**EXTRACTED DATA:**
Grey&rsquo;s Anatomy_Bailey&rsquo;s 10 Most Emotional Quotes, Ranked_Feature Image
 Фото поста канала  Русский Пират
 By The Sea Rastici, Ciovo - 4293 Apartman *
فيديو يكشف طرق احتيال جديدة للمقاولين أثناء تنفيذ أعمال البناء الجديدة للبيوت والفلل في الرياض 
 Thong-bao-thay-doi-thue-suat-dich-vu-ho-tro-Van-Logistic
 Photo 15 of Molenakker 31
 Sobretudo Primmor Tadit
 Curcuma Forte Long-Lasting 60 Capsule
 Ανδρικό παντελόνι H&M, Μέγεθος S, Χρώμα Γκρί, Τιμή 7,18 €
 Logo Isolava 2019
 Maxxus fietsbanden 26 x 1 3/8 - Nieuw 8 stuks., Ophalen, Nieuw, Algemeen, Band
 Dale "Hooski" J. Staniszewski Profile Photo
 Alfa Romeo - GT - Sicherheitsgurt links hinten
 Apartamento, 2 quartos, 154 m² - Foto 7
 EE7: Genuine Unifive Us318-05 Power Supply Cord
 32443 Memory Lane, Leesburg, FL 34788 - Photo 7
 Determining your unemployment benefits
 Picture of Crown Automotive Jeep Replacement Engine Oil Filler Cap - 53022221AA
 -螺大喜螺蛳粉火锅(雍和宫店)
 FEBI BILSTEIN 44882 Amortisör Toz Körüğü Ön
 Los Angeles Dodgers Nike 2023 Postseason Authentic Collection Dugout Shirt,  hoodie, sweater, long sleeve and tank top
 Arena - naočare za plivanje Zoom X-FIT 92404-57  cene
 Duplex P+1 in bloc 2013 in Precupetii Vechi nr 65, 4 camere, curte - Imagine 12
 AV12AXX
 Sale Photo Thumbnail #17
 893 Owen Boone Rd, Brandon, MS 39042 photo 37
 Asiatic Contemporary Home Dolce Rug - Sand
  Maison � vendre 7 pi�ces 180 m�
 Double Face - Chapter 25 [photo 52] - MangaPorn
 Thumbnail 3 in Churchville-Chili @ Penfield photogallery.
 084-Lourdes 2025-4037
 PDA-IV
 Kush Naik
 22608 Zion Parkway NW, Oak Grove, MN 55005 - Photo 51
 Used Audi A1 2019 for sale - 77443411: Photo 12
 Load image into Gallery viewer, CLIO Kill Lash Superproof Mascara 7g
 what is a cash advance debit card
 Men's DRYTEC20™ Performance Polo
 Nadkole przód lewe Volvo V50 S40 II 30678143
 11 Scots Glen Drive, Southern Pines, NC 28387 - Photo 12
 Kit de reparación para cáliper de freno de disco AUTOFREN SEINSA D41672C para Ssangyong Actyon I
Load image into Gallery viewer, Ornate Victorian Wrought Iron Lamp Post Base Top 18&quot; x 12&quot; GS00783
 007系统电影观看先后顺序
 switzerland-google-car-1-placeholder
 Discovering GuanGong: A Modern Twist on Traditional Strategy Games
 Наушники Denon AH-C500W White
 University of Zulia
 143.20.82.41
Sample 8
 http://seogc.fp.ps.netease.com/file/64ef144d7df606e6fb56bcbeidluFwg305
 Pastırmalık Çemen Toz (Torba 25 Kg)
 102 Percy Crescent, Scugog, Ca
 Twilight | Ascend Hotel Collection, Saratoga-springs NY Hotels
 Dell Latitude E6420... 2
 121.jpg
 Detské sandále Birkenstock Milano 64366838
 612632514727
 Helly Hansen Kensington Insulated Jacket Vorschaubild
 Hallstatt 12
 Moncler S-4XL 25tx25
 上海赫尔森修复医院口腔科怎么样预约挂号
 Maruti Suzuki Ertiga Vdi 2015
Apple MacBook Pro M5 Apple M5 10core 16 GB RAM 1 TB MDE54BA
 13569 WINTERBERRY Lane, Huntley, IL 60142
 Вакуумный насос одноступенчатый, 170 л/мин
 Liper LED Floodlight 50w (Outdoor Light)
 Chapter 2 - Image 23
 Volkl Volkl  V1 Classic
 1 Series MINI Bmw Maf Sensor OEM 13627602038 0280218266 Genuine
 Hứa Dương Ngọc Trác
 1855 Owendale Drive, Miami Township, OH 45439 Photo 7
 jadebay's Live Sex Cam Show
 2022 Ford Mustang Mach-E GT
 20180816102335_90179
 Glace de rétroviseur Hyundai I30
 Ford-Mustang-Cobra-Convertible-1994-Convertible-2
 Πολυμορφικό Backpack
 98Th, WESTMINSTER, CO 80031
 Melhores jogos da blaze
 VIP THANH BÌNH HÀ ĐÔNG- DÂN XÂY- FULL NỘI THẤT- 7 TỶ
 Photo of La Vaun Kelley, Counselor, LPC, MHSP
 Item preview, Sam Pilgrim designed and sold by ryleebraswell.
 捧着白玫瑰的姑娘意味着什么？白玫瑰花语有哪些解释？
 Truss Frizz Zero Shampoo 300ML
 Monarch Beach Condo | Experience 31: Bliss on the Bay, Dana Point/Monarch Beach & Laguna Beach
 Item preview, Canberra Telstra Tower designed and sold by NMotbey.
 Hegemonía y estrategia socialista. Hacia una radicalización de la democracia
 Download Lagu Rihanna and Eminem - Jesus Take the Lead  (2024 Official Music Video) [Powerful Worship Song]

**TASK BRIEF:**
Look through the data above. Find each line with the string "designed" and copy it.

**WORKED SOLUTION:**
 Item preview, Sam Pilgrim designed and sold by ryleebraswell.
 Item preview, Canberra Telstra Tower designed and sold by NMotbey.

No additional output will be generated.